MATERIAL SHOWN

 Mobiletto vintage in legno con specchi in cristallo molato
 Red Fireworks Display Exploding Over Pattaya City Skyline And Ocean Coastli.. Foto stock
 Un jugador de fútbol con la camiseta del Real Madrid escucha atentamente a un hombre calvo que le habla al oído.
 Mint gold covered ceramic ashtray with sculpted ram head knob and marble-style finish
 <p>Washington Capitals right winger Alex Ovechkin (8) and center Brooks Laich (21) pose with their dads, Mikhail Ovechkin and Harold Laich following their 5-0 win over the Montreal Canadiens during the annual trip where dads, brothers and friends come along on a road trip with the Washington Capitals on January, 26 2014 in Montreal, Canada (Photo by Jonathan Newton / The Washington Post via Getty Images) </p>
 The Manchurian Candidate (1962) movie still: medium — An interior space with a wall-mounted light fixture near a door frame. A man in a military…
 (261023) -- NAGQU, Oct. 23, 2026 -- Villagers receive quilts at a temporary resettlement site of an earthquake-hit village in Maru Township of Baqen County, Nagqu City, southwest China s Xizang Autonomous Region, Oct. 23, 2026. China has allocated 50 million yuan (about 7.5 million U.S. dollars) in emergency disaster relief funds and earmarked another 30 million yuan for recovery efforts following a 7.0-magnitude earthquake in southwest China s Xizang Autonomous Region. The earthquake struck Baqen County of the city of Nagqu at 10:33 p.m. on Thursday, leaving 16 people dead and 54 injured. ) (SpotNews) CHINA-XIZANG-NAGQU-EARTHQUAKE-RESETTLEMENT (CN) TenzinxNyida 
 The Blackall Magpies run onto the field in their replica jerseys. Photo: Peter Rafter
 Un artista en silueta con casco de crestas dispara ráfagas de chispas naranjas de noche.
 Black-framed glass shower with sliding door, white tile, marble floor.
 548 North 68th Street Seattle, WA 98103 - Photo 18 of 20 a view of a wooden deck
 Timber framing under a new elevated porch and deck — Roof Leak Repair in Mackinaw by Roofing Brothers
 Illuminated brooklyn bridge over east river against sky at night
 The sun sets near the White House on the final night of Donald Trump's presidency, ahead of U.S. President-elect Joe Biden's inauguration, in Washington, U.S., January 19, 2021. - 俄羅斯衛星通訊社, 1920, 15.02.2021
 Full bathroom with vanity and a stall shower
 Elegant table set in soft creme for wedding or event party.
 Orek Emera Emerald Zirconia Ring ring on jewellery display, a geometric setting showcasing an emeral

YOUR TASK
Filter the listing so that only lines holding the word "door" remain, and copy those lines.

FINISHED TASK
 The Manchurian Candidate (1962) movie still: medium — An interior space with a wall-mounted light fixture near a door frame. A man in a military…
 Black-framed glass shower with sliding door, white tile, marble floor.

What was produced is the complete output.